Yoga Pants are not an Efficient Way to Smuggle An Alligator

Is that a gator in your pants, or are you just happy to see me?

A couple in Charlotte County were pulled over when they failed to come to a complete stop at a stop sign in the wee hours of the morning. The deputy gave them a warning for the sign and asked where they were coming from. They told him they’d been collecting frogs and snakes. The deputy then asked them if he could see what they caught, to make sure they were complying with the rules. The woman opened a backpack to reveal 42 small turtles; one softshell and the rest three-striped mud turtles. The deputy then asked her if she had anything else, and she pulled a foot long alligator out of her yoga pants!

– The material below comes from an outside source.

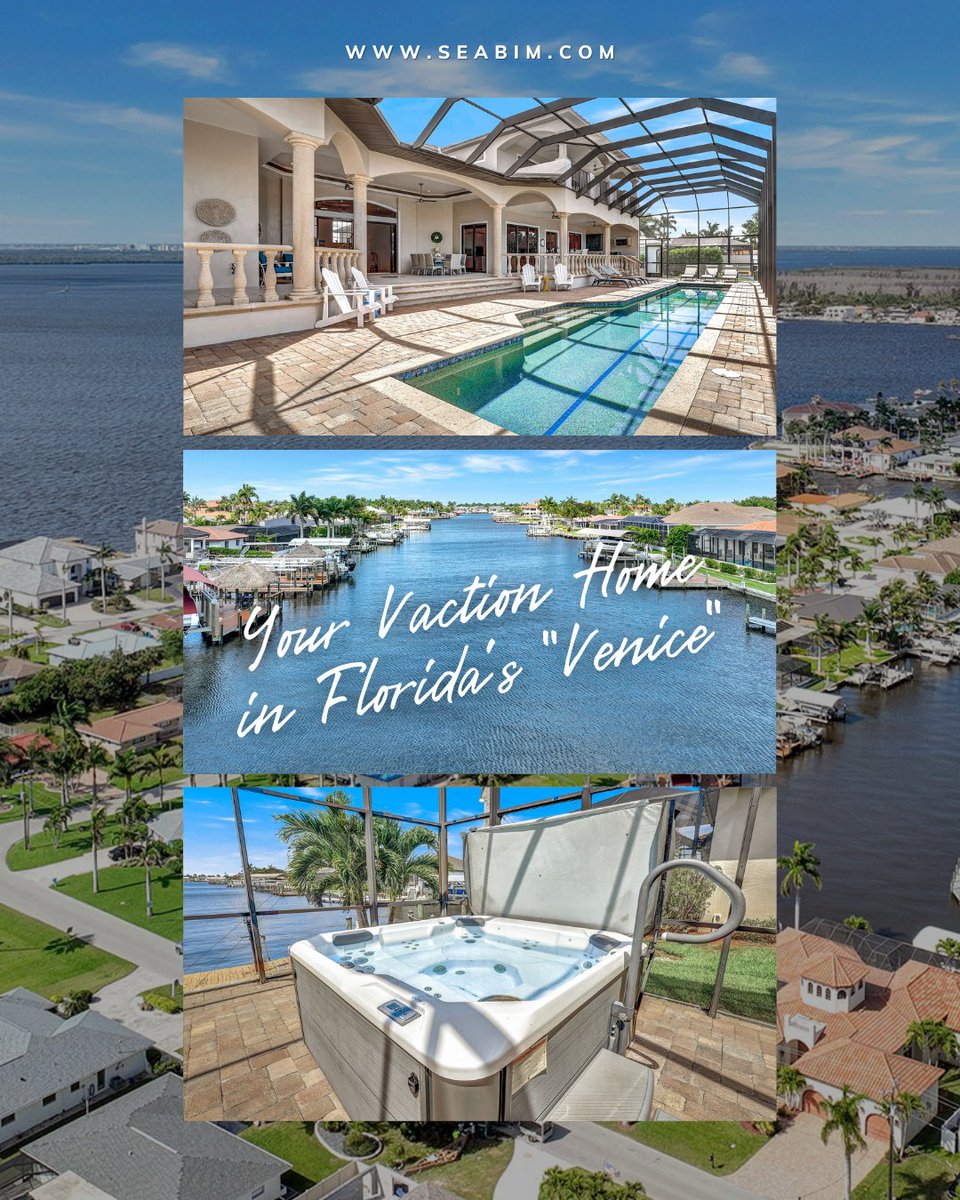 seabim's tweet image. Step into Villa Boeyaro, your perfect vacation home in Florida’s very own “Venice.” 🐬
Private dock, sunny canals, and a pool ready for pure chill time. 😎

Book now: seabim.com/boeyaro

#Seabim #Vacationrentals #CapeCoral #Florida #vacationrental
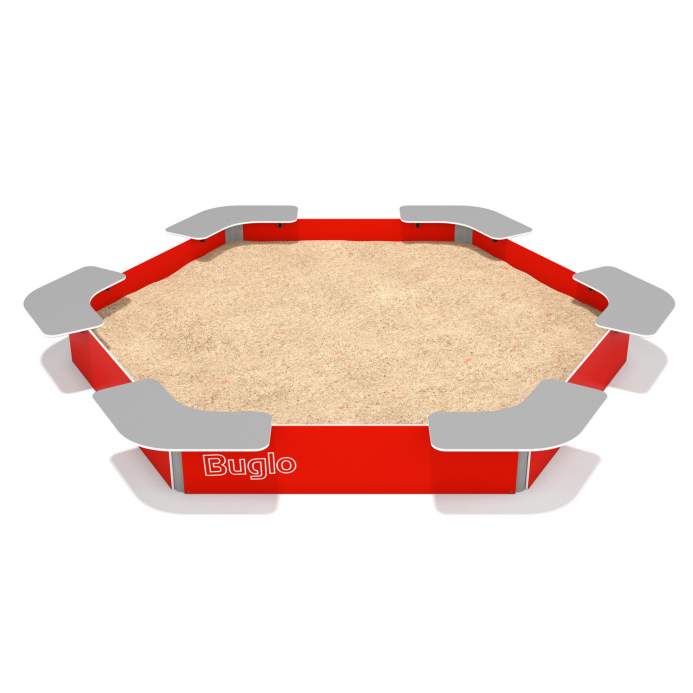 Kaptár homokozó ülőkékkel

The deputy called in FWC to take over the wildlife investigation. The driver and passenger were cited for possessing protected species and for a bag-limit violation and released. The animals were returned to the wild.

It might seem silly, but wildlife management is key to protecting the flora and fauna of our habitat. These guys don’t seem like pros, but there is a black market for some protected animals. Just a couple years ago, an alleged alligator poaching ring was busted up, recovering 10,000 gator eggs. Investigators created a fake alligator farm as part of the sting operation! One of those defendants has been sentenced to three years in prison for racketeering and other wildlife related offenses. Know the rules before you fish… or collect reptiles! (Some people call reptile and/or snake collecting “herping“… now you know.)

photos via CCSO

Yoga pants do not seem like the best place to stash a gator… or any wildlife, for that matter.